» **What the exercise asks**
Return only these lines: the one that contains "植物乐园冰川霜使用方法 适合什么肤质" and every line after it through the end of the listing, exactly, without pictures.
*** Supplied data Section Begins ***
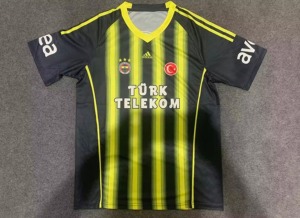 1AE7E629-E87E-4194-9294-BEA9888E6D15.jpg Camisola Fenerbahçe Principal 2013/14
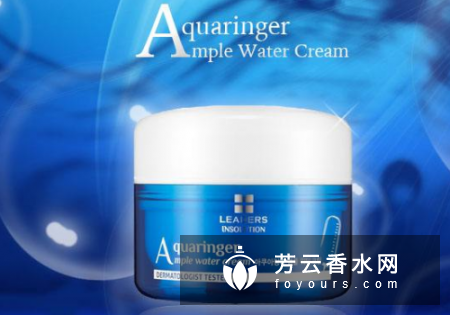 植物乐园冰川霜使用方法 适合什么肤质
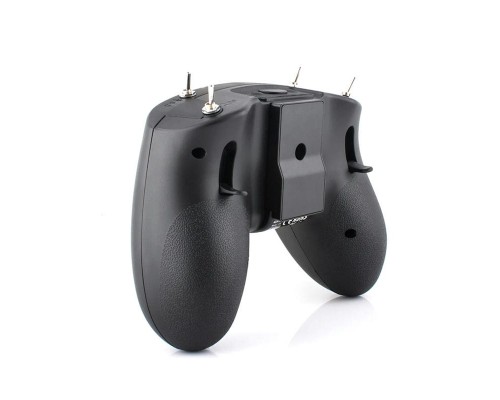 Набор DarwinFPV Baby Ape Pro (RTF) Набор DarwinFPV Baby Ape Pro (RTF)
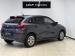 Suzuki Baleno 1.5 GL auto - Thumbnail 6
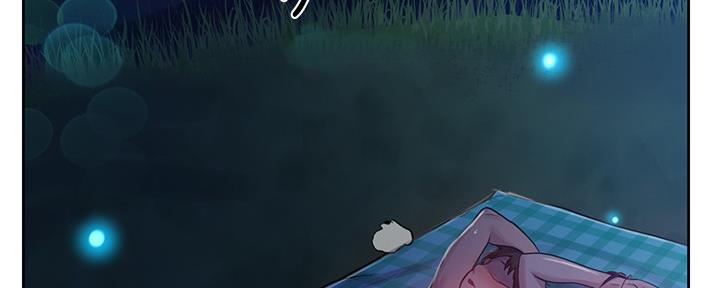 第125话130
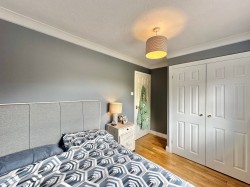 Images for Kingstone, Hereford
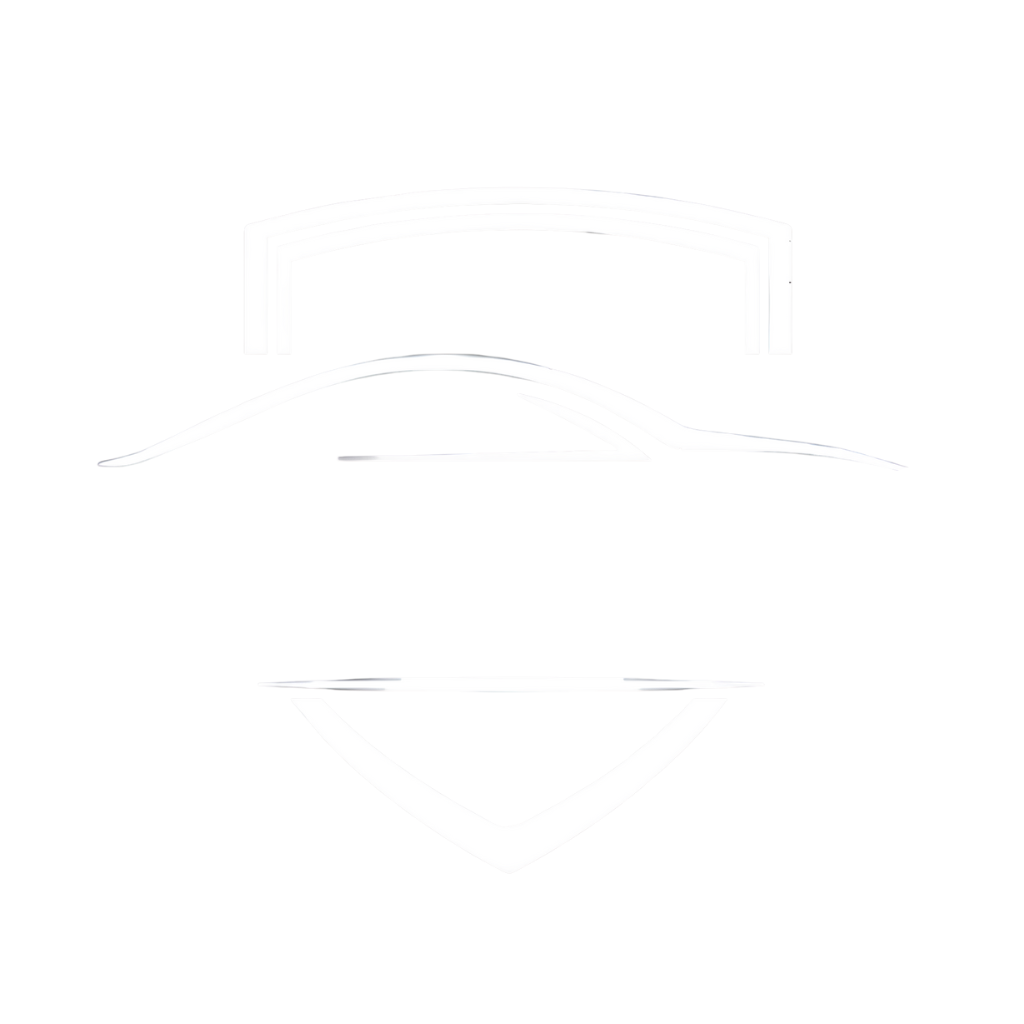 Logo Sky Rent Transfer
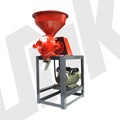 JRK FLOUR MILL GRINDER W/ MOTOR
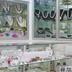 Winkel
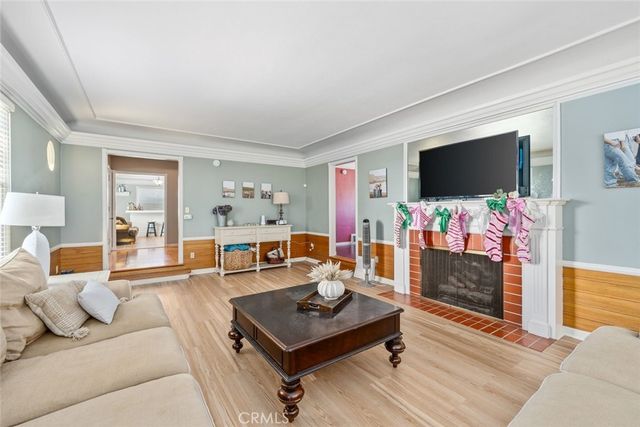 161 Longview Lane, San Luis Obispo, CA 93405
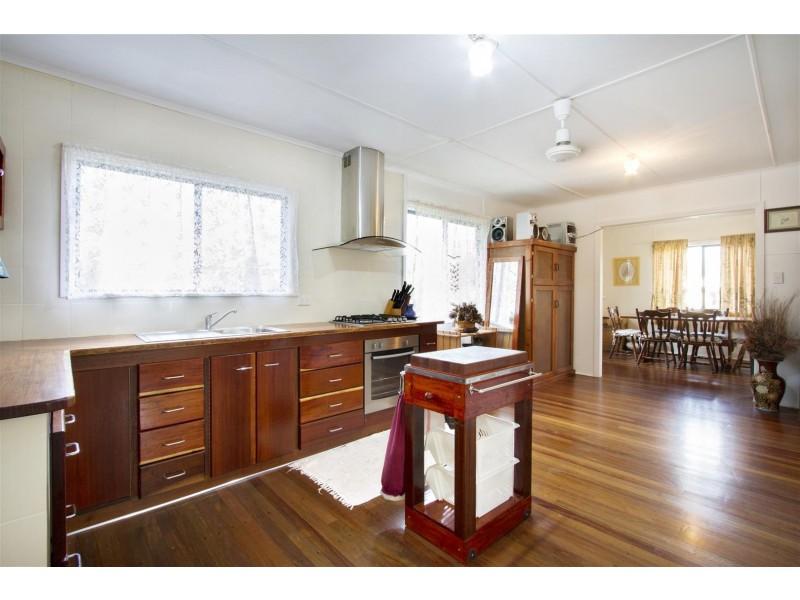 11 Ti Tree Avenue, Conway Beach QLD 4800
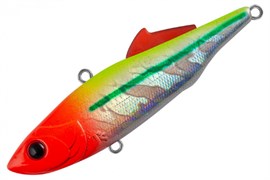 Раттлин TsuYoki NAKAMA 63S AM001 10990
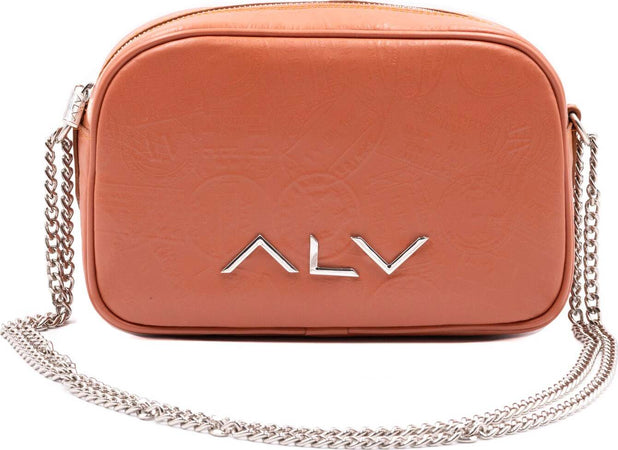 Borsa-a-tracolla-in-pelle-con-stampa-ALV-by-Alviero-Martini---ALVBT300X
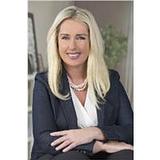 Photo of Annette Bani Hani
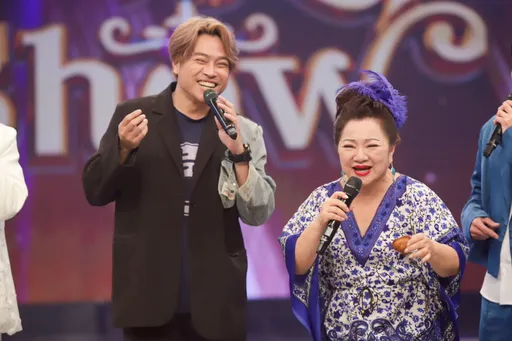 卡古演艺圈0收入全因「整型」失邀约　白冰冰松口给劝告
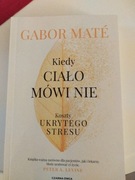 Kiedy ciało mówi nie 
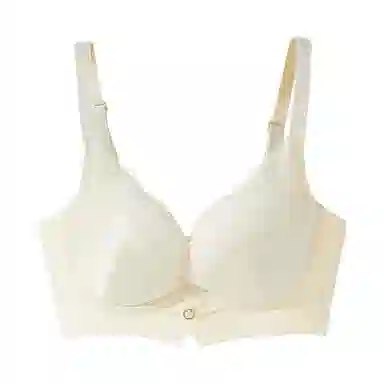 7A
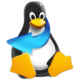 east-imperial-magic-linux-recovery_icon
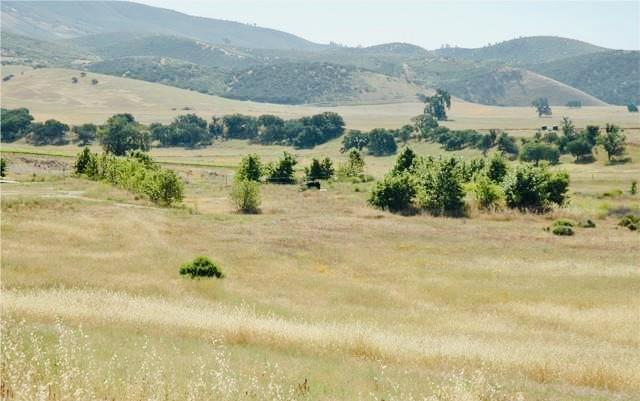 50850 Martinez Road Bradley, CA 93426 - Photo 7 of 32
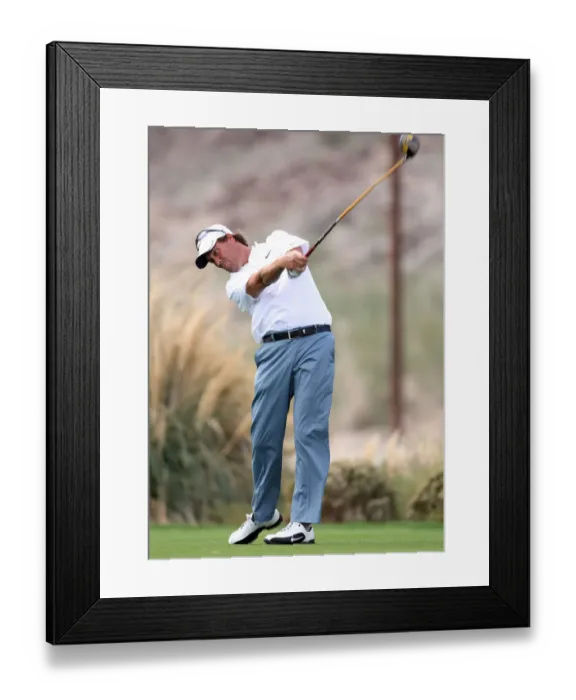 Framed Print : Stephen Ames Framed Print : Stephen Ames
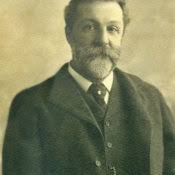 Autumn de Forest's artistic lineage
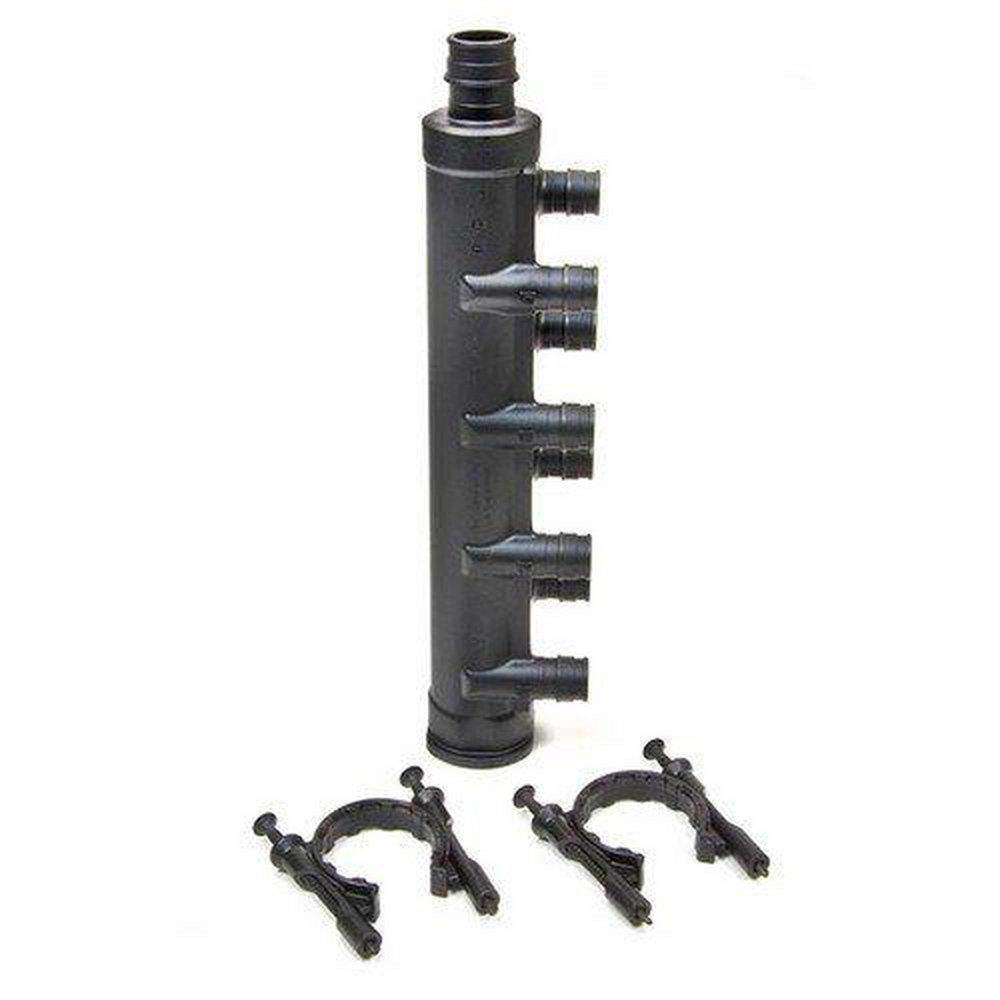 UPONOR Q2271051 PIPE FITTINGS
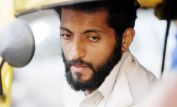Rupinder Nagra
*** Supplied data Section Ends ***
» **Exercise output**
 植物乐园冰川霜使用方法 适合什么肤质
 Набор DarwinFPV Baby Ape Pro (RTF) Набор DarwinFPV Baby Ape Pro (RTF)
 Suzuki Baleno 1.5 GL auto - Thumbnail 6
 第125话130
 Images for Kingstone, Hereford
 Logo Sky Rent Transfer
 JRK FLOUR MILL GRINDER W/ MOTOR
 Winkel
 161 Longview Lane, San Luis Obispo, CA 93405
 11 Ti Tree Avenue, Conway Beach QLD 4800
 Раттлин TsuYoki NAKAMA 63S AM001 10990
 Borsa-a-tracolla-in-pelle-con-stampa-ALV-by-Alviero-Martini---ALVBT300X
 Photo of Annette Bani Hani
 卡古演艺圈0收入全因「整型」失邀约　白冰冰松口给劝告
 Kiedy ciało mówi nie 
 7A
 east-imperial-magic-linux-recovery_icon
 50850 Martinez Road Bradley, CA 93426 - Photo 7 of 32
 Framed Print : Stephen Ames Framed Print : Stephen Ames
 Autumn de Forest's artistic lineage
 UPONOR Q2271051 PIPE FITTINGS
Rupinder Nagra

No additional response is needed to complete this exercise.